How to DeStress and Calm the Mind

Donna Nichols • February 1, 2021

“The greatest weapon against stress is our ability to choose one thought over another.” – William James

To find out what stress can do to you and your body, read our blog about the role stress plays in chronic illnesses.

So, you may wonder how you can de-stress yourself or help someone else de-stress.

The number one way to alleviate stress is… laughter !!!

Friends and laughter are great ways to destress

Make someone laugh, or if you’re the one needing stress relief, watch a stupid sitcom, or read a silly book.

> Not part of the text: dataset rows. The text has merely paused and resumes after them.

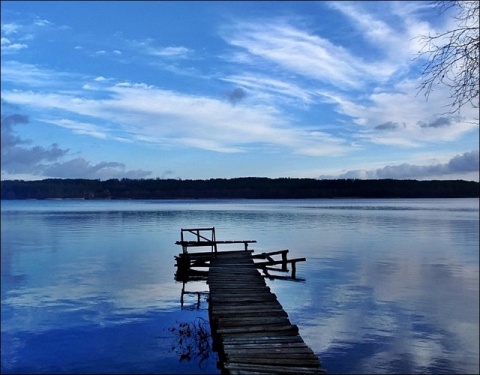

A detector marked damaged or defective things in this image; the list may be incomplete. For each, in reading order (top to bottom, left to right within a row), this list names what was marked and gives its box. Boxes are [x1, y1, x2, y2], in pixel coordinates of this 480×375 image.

broken dock railing [173, 228, 326, 374] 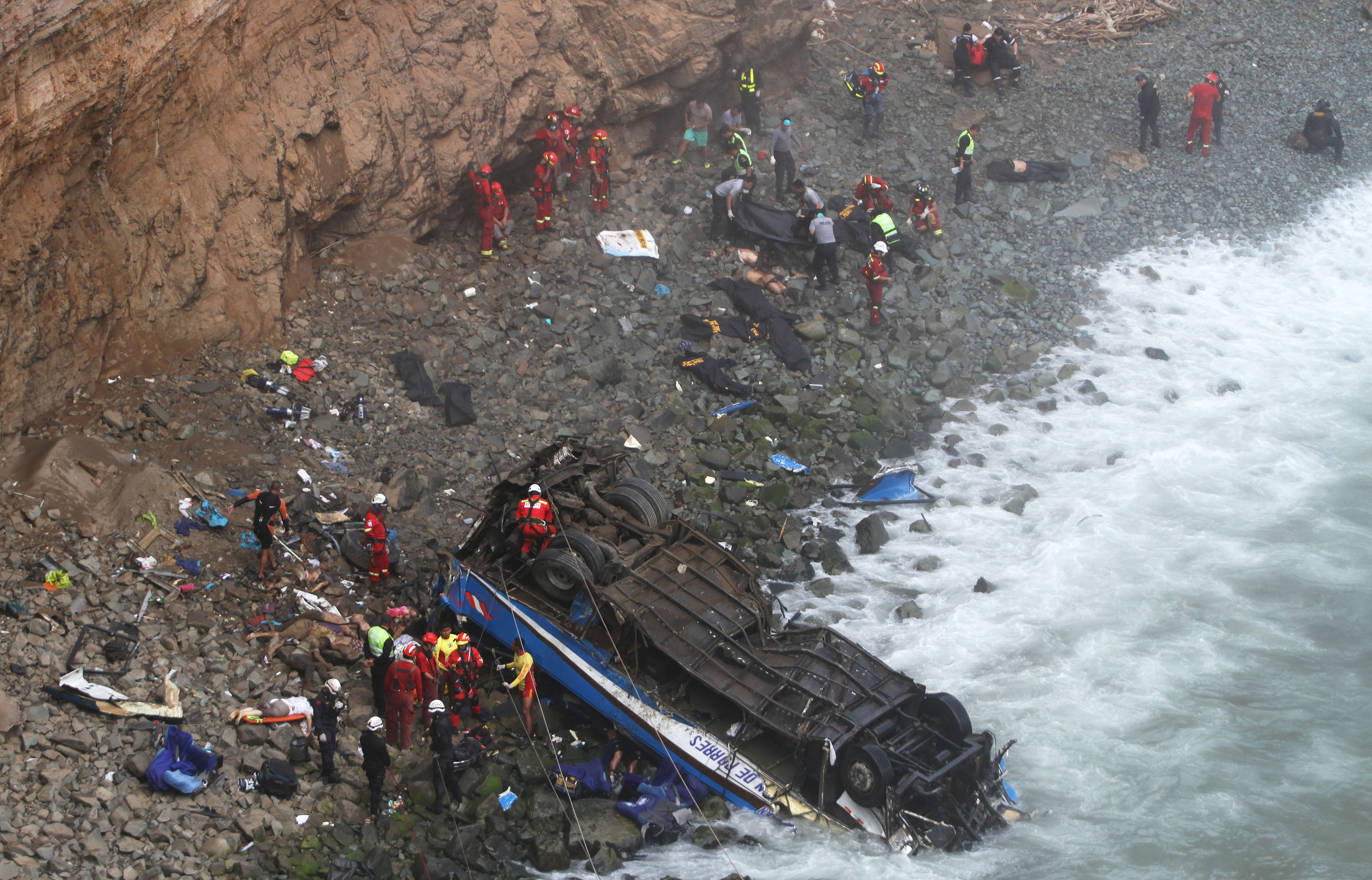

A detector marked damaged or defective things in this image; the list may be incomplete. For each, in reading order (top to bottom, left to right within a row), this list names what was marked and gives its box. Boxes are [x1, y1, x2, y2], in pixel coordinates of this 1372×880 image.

detached bus tire [530, 546, 590, 601]
detached bus tire [839, 736, 894, 807] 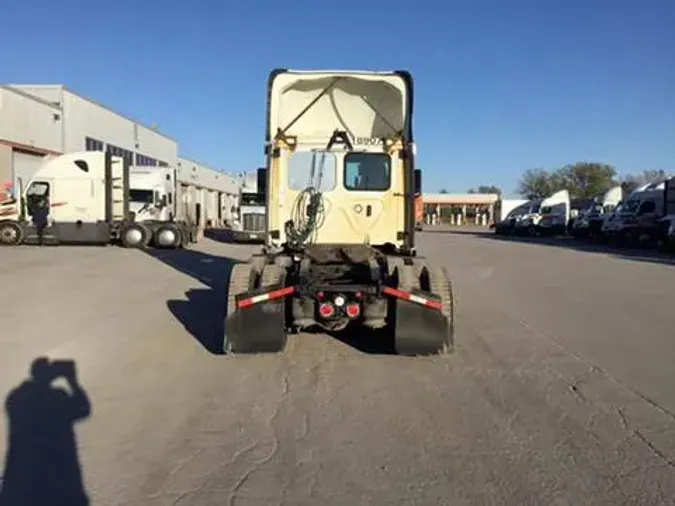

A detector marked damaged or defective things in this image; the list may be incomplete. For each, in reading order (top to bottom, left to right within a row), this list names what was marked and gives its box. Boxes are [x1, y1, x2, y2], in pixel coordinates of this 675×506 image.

cracked pavement [1, 230, 675, 506] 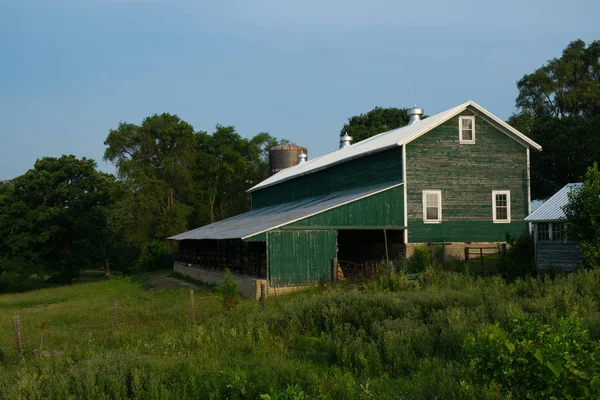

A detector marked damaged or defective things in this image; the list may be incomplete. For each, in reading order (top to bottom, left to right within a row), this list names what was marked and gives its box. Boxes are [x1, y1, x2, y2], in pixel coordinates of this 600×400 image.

rusty metal tank [270, 143, 310, 176] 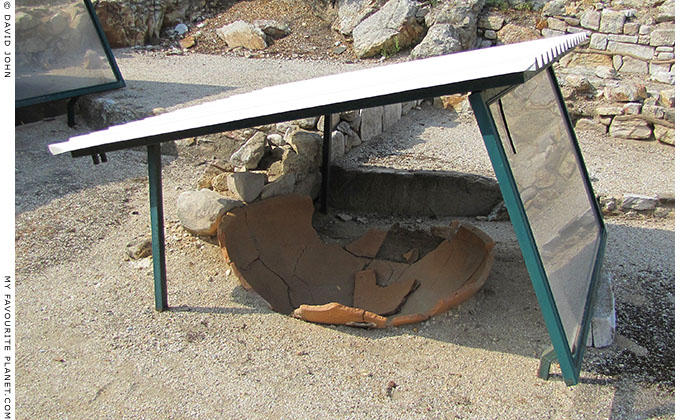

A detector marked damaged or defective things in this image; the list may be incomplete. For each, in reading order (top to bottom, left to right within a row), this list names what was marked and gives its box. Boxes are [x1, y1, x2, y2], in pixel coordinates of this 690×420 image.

broken ceramic bowl [218, 194, 492, 328]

For example, Monday, 1/4/21, was my first day back to work after a week’s vacation. I wasn’t really stressed when I got home, just tired. I just wasn’t in the mood for anything; I sat down to watch TV with my husband, Big Bang Theory, which I think is pretty stupid.

That night it had me rolling. I was laughing so hard, I guess I was so tired that everything was funny.

Sometimes, there’s nothing quite as good as a great belly laugh. If you have access to a computer, search for videos of babies laughing. That is the most wonderful sound in the world and you can’t help but not smile and/or laugh at that sound.

My favorite way to de-stress is to get a massage , but they cost money and never last long enough. Just about the time you’re relaxing, time is up and your massage is over. I know some of you don’t care for massages, so here are some other ways to de-stress your mind and body.

Don’t eat too much sugar , it can slow you down and make you feel sluggish. I know that our blog about the best foods to eat mentions dark chocolate, but you can’t overdo it, one piece is enough. Not only can too much sugar cause sluggishness, but it can also lead to diabetes and other serious illnesses if not eaten in moderation.

Moderation is the key to everything!!

Listen to music! Music can be so calming and relaxing. If you’re able to, dance along with the music, dancing releases the bad energy built up in your body and helps ease your mind and soul.

Speaking of dancing, that leads us into our next way to de-stress, exercise.

Any type of exercise you are able to do is beneficial.

Did you know that exercise can help generate new brain cells?

Think about how smart we’d all be if we exercised regularly!!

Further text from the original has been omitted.